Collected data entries
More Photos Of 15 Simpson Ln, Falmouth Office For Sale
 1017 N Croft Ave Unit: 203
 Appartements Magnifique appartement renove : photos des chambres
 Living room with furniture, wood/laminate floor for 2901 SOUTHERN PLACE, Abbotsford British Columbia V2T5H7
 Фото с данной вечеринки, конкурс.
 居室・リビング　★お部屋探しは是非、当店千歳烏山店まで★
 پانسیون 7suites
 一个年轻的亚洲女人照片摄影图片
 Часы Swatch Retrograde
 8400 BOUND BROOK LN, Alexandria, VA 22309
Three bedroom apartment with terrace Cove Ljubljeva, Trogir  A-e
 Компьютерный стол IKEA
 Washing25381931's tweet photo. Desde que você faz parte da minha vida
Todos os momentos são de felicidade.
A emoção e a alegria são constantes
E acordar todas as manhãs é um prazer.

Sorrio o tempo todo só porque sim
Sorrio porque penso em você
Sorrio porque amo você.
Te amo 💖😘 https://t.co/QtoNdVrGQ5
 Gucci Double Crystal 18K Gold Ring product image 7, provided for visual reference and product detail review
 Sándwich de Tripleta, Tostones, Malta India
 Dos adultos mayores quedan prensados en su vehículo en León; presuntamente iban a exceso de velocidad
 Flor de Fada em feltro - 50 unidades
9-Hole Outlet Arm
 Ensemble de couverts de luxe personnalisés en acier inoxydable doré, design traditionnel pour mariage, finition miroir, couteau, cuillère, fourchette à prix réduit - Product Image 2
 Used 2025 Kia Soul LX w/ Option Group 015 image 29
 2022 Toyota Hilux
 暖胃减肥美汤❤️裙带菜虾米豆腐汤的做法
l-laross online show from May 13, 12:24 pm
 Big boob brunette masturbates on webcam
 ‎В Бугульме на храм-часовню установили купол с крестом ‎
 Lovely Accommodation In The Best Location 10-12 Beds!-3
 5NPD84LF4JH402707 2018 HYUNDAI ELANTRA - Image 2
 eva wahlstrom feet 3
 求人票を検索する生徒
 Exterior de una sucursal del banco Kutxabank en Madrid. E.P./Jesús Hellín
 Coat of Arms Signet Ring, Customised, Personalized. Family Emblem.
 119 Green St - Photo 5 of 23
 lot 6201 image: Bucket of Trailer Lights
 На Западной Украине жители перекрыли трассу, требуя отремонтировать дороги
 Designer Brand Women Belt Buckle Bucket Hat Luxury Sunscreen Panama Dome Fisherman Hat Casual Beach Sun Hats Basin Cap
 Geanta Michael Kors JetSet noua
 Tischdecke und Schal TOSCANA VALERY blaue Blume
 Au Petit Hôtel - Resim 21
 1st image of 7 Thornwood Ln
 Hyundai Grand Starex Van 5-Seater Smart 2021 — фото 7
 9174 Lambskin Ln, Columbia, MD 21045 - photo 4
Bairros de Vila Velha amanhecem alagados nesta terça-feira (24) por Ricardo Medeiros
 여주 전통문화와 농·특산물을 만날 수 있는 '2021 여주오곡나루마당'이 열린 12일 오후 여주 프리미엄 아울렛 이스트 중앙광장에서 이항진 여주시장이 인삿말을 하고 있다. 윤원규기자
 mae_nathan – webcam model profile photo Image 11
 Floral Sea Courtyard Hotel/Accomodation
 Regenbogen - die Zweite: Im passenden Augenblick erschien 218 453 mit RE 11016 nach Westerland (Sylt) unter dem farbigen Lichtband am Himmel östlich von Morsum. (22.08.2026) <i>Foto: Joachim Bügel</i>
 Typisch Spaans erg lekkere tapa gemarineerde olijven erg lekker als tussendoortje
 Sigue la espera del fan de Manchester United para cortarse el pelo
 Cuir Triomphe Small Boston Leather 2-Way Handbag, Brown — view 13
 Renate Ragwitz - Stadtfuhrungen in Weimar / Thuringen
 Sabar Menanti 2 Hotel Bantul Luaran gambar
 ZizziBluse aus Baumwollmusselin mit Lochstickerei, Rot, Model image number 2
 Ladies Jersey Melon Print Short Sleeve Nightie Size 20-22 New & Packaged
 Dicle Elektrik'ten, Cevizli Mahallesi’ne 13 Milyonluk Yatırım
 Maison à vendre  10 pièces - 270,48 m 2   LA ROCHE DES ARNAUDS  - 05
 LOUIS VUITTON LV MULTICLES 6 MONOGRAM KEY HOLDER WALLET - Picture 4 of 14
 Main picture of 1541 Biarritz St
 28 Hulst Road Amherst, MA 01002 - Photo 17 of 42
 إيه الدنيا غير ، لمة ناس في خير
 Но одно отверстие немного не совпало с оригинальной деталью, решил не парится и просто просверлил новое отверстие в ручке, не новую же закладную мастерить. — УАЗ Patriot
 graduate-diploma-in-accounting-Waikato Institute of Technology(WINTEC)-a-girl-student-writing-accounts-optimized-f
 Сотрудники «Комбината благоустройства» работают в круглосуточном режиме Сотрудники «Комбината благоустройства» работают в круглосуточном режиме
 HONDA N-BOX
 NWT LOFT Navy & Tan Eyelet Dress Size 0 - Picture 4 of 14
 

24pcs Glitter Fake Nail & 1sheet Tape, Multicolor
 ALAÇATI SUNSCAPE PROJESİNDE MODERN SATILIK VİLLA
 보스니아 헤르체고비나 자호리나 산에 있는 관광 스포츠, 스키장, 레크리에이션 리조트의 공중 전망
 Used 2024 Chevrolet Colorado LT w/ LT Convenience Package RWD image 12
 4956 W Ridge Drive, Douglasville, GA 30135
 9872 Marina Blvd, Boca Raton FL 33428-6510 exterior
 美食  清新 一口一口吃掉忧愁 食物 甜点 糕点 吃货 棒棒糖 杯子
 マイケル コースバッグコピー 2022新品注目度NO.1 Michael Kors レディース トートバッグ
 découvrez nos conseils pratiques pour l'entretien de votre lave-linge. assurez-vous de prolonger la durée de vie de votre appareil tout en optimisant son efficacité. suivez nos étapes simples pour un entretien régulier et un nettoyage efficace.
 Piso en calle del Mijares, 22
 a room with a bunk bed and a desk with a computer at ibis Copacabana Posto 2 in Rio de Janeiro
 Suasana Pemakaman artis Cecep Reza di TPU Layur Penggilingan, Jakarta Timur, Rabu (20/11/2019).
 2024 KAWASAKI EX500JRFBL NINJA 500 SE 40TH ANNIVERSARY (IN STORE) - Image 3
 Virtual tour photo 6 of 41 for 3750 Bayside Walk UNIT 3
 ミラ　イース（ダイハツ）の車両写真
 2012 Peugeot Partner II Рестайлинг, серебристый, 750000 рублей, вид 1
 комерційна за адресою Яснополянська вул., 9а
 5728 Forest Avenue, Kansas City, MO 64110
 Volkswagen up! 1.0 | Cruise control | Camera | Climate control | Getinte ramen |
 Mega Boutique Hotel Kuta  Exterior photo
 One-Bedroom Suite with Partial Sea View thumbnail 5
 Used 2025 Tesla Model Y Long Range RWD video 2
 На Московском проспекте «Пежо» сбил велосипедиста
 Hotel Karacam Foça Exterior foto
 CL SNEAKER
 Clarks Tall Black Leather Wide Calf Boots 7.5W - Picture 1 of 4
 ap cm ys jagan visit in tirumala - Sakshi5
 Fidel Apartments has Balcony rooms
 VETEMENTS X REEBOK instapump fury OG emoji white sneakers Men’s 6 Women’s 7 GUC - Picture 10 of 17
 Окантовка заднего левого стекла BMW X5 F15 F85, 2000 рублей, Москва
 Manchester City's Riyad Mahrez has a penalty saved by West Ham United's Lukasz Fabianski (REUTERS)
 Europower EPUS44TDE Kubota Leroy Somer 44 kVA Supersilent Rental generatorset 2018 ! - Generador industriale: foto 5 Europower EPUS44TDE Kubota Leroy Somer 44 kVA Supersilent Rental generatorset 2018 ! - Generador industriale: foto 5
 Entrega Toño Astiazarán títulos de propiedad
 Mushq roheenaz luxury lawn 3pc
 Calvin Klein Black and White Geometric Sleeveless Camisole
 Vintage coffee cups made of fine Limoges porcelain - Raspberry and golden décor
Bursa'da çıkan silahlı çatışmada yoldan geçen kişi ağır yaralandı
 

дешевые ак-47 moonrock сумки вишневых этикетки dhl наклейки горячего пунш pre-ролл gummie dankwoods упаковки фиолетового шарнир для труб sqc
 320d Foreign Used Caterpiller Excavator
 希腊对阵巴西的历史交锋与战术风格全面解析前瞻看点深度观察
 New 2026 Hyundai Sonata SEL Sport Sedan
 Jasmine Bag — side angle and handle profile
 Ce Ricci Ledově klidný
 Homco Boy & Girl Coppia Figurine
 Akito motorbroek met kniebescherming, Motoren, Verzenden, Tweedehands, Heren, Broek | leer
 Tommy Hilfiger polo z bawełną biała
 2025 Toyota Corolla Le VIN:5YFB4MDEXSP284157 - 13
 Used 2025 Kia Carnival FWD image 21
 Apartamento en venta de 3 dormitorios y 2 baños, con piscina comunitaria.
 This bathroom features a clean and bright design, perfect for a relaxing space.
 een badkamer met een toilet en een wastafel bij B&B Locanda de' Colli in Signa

WHAT YOU SHOULD DO
Above are the records; from them, give again exactly the lines from the one containing "8400 BOUND BROOK LN, Alexandria, VA 22309" to the one containing "9174 Lambskin Ln, Columbia, MD", both lines included, and nothing more.

SOLUTION TO THIS TASK
 8400 BOUND BROOK LN, Alexandria, VA 22309
Three bedroom apartment with terrace Cove Ljubljeva, Trogir  A-e
 Компьютерный стол IKEA
 Washing25381931's tweet photo. Desde que você faz parte da minha vida
Todos os momentos são de felicidade.
A emoção e a alegria são constantes
E acordar todas as manhãs é um prazer.

Sorrio o tempo todo só porque sim
Sorrio porque penso em você
Sorrio porque amo você.
Te amo 💖😘 https://t.co/QtoNdVrGQ5
 Gucci Double Crystal 18K Gold Ring product image 7, provided for visual reference and product detail review
 Sándwich de Tripleta, Tostones, Malta India
 Dos adultos mayores quedan prensados en su vehículo en León; presuntamente iban a exceso de velocidad
 Flor de Fada em feltro - 50 unidades
9-Hole Outlet Arm
 Ensemble de couverts de luxe personnalisés en acier inoxydable doré, design traditionnel pour mariage, finition miroir, couteau, cuillère, fourchette à prix réduit - Product Image 2
 Used 2025 Kia Soul LX w/ Option Group 015 image 29
 2022 Toyota Hilux
 暖胃减肥美汤❤️裙带菜虾米豆腐汤的做法
l-laross online show from May 13, 12:24 pm
 Big boob brunette masturbates on webcam
 ‎В Бугульме на храм-часовню установили купол с крестом ‎
 Lovely Accommodation In The Best Location 10-12 Beds!-3
 5NPD84LF4JH402707 2018 HYUNDAI ELANTRA - Image 2
 eva wahlstrom feet 3
 求人票を検索する生徒
 Exterior de una sucursal del banco Kutxabank en Madrid. E.P./Jesús Hellín
 Coat of Arms Signet Ring, Customised, Personalized. Family Emblem.
 119 Green St - Photo 5 of 23
 lot 6201 image: Bucket of Trailer Lights
 На Западной Украине жители перекрыли трассу, требуя отремонтировать дороги
 Designer Brand Women Belt Buckle Bucket Hat Luxury Sunscreen Panama Dome Fisherman Hat Casual Beach Sun Hats Basin Cap
 Geanta Michael Kors JetSet noua
 Tischdecke und Schal TOSCANA VALERY blaue Blume
 Au Petit Hôtel - Resim 21
 1st image of 7 Thornwood Ln
 Hyundai Grand Starex Van 5-Seater Smart 2021 — фото 7
 9174 Lambskin Ln, Columbia, MD 21045 - photo 4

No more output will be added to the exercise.